Brief selections from an art essay by Fae Logie:
Scattering from a plot of land evokes thoughts about territory, identity, migration, and surveillance, specifically of women and children. Women around the world take immense risks to escape corruption, poverty, oppression, war, and climate catastrophe. Research scholars, Monica Boyd and Elizabeth Grieco write, “a decision to leave, [...], is not the same as being allowed to exit or to enter a specific country” (Boyd and Grieco 2003, 5).
My human-scale kinetic installation is held together by two intersecting aluminum tent poles that are suspended from the ceiling.

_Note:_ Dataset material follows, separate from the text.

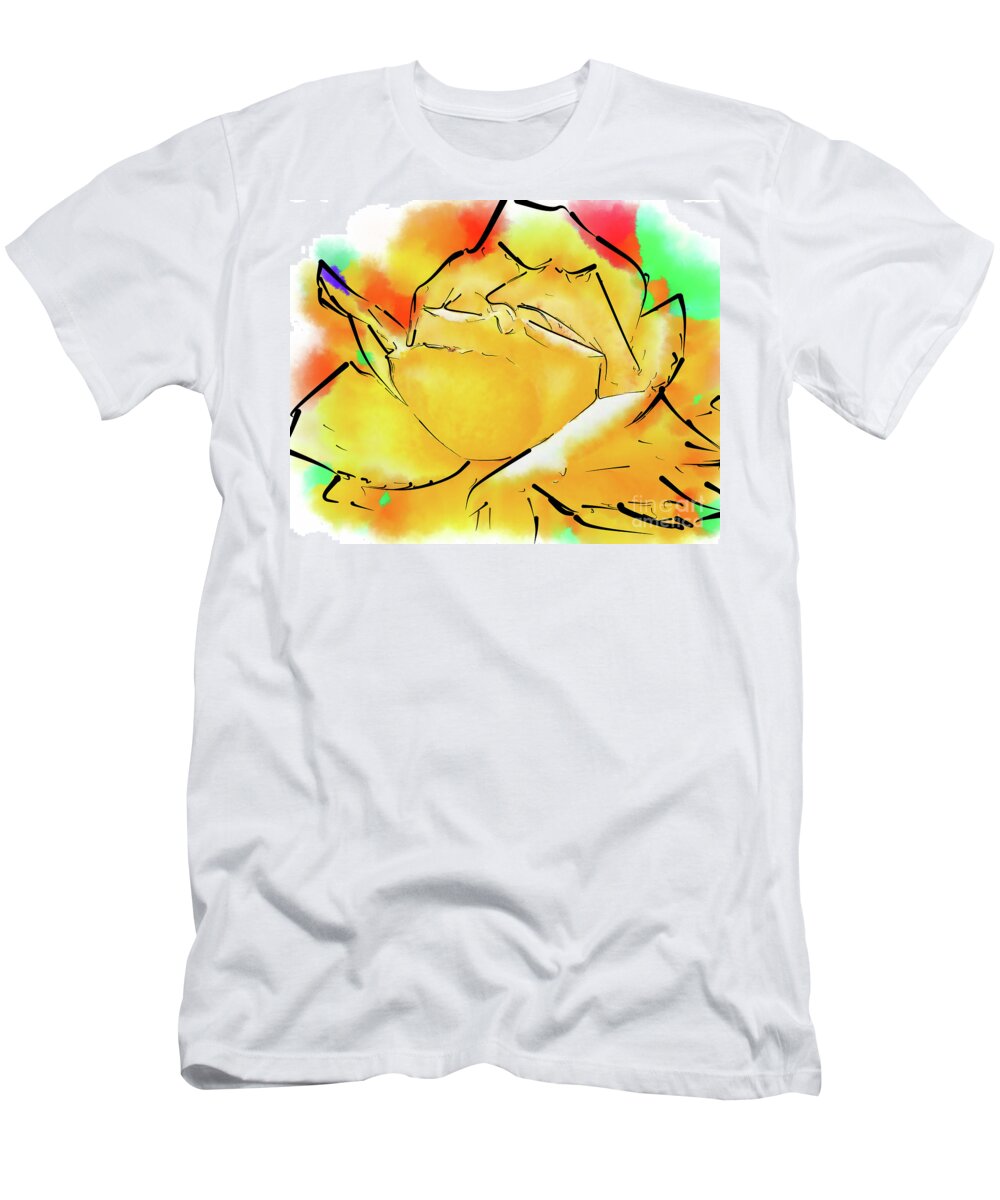 Rose T-Shirt featuring the digital art Yellow Rose In Abstract Watercolor by Kirt Tisdale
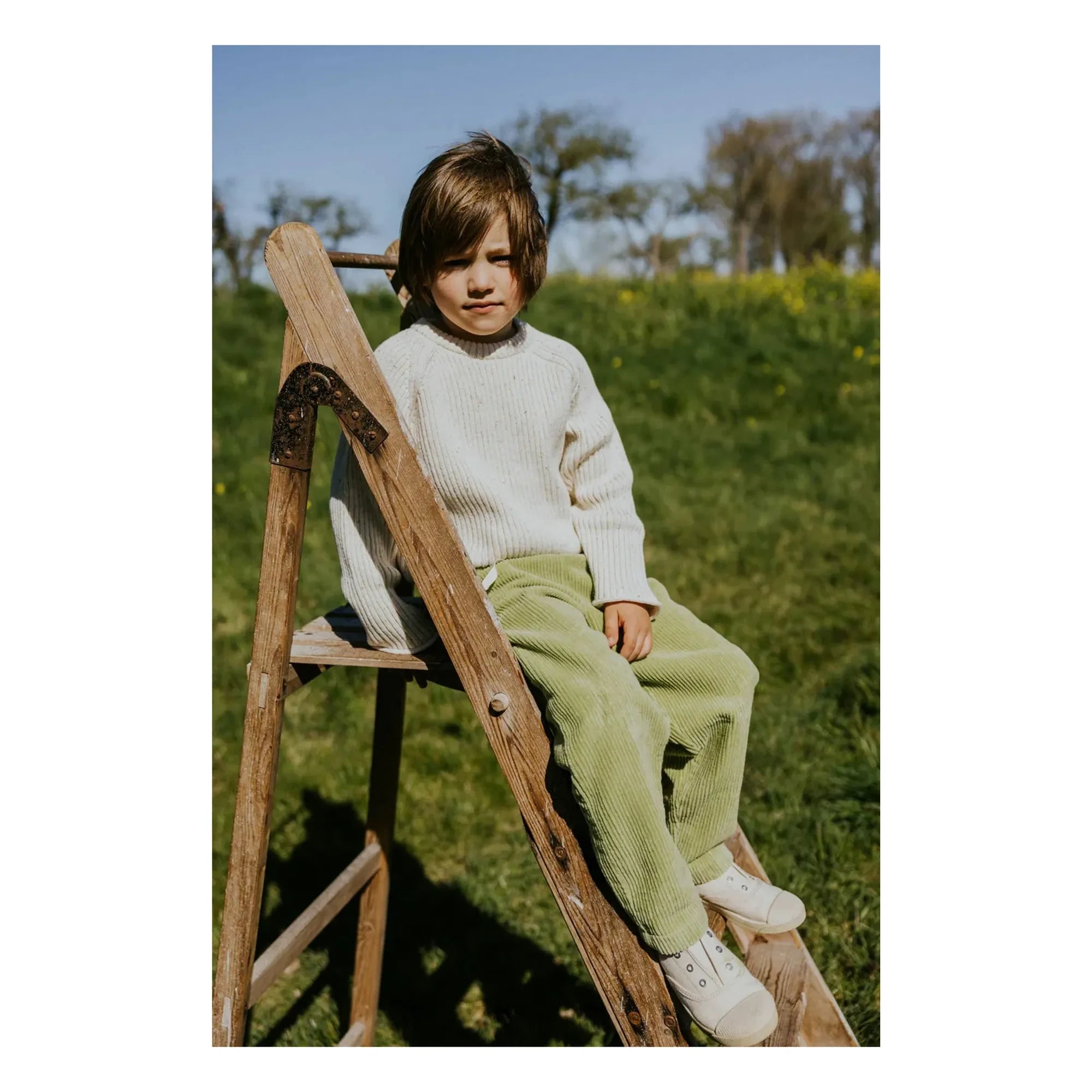 Yuki - Organic velvet pants | Olive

The space beneath the poles creates a visualization of a volume approximately three meters cubed. This volume is both a metaphor for a temporary refuge during migration or a magnitude of sea water below an overturned ship. Strung together within this space, over 100 high-contrast 4x5 inch Kodalith photo transparencies form a fragile system of equilibrium, fragments of faces and hands, gestures and glances. These images were saved originally from illustrated magazines and newspaper articles highlighting the parrels of forced movements; rephotographed, enlarged, and manipulated, the images retreat from their source. Now, as particles of narratives, moments of histories framed outside of what happened just before or just after, they take on the designation of found images.
Scattering from a plot of land mirrors the idea of a scatter plot - a mathematical diagram using coordinates to display data and possible correlations. The tent poles reference the x, y, and z axes, each dangling image a cell of information, a traceable data point. The photographs are marked with standardized symbols of flow-charting, outlines in white ink and loosely woven thread - many partially or fully cut out to expose a non-visual dimension operating out of sight, “visualizations of the apparatus of state power” (Wilkinson 2015, 2). The symbols stand as singular instructional commands inherent in algorithms, without directional defining lines of progression. Cutting away of fragments of faces and bodies mimics the dehumanizing processes of surveillance.
The nine cubic meters of my installation is a weighted territory, an allegory of containment and exposure by pervasive surveillance systems. The layers of materials and meaning function in the discourse on cultural surveillance representation as a question of visibility, and who decides another’s fate.
References:
Boyd, Monica, and Elizabeth Grieco. 2003. “Women and Migration: Incorporating Gender into International Migration Theory.” Migration Policy Institute, (March): 1-7. https://www.migrationpolicy.org
Wilkinson, Jayne. 2015. “Art Documents: The Politics of Visibility in Contemporary Photography.” Invisible Culture, 22.